Residuals - FAQs
See also: Residuals slide presentation with voice-over plus transcript >>
My residuals column is too short
Example question: I calculated the level 2 residuals for my model (with student as level 1 and tutorial group as level 2). I have 2124 individuals, and as expected I got 2124 residuals. But these residuals are all in the first 2124 rows of the worksheet. Since I have 3 students (level 1 units) per tutorial group (level 2 unit), the first 2124 rows should contain 2124/3 = 708 of the residuals, with the remaining residuals spread through the rest of the dataset. The rows after 2124 have no value in the residuals columns. How can I get the correct values of the residuals?
The output that you describe here is correct. MLwiN worksheets are not organised with one row corresponding to one record across the whole worksheet (see the FAQ Does each row correspond to a single record right across the MLwiN worksheet?). When you use the Residuals window to calculate the residuals at any level, the output MLwiN produces consists of just one entry in each output column for each unit at that level. The output is not arranged with missing values in all other rows corresponding to that unit in your original dataset, instead the values occupy consecutive places in their column with no gaps. So for example the residual in place 10 of c300 will be the residual for tutorial group 10, not the residual for tutorial group 4, even though row 10 of your original dataset corresponds to student 1 for tutorial group 4. The residuals will be in the same order as the tutorial groups in your original dataset, so in order to see which residual belongs to which tutorial group you will need to create a short column which contains the names/ codes of the tutorial groups, but only has one entry per tutorial group (so 2124 entries in all). To do this, from the Data manipulation menu select 'unreplicate'. The Take data window will appear. In the 'Take first entry in blocks defined by' drop down box, select the column which contains your tutorial groups, and also select this column under 'Input columns'. Under 'Output columns' select any free column. Select 'Add to action list' and 'Execute'. The column you chose under 'Output columns' will now have 2124 entries consisting of the code for each tutorial group in your dataset, and the rows of this column will correspond to the rows of your residuals columns, so you will be able to see which residual corresponds to which tutorial group.
Should the comparative SD output when I calculate the residuals be different for each row?

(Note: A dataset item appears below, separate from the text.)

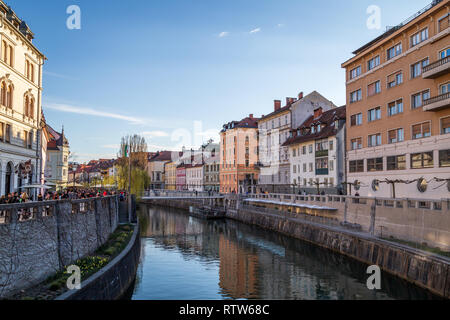 Vue depuis le pont Tromostovje vers les maisons, les gens qui marchent le long de la rivière Ljubljanica à au sud du centre-ville, Ljubljana, Slovénie Banque D'Images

Yes, there will be a different comparative SD for each level 2 unit. This is because the comparative SD will depend on the number of level 1 units within each level 2 unit, and, in the case of slope residuals, also on the value of the explanatory variable the slope is associated with. To see how these things will affect the value, see the formula for the 'comparative covariance matrix' which is given in Harvey Goldstein's book Multilevel Statistical Models on p53 of the 3rd edition or p58-59 of the 2nd edition (downloadable for free). You can see an example of how the comparative SDs are different for each residual if you look at the caterpillar plot in Chapter 3 of the User's Guide (on p49). The error bars for each residual are a different length. The error bars are simply representing the residual +/- 1.96 times the comparative SD calculated by the residuals window, so this means that the value of the comparative SD is different for each residual.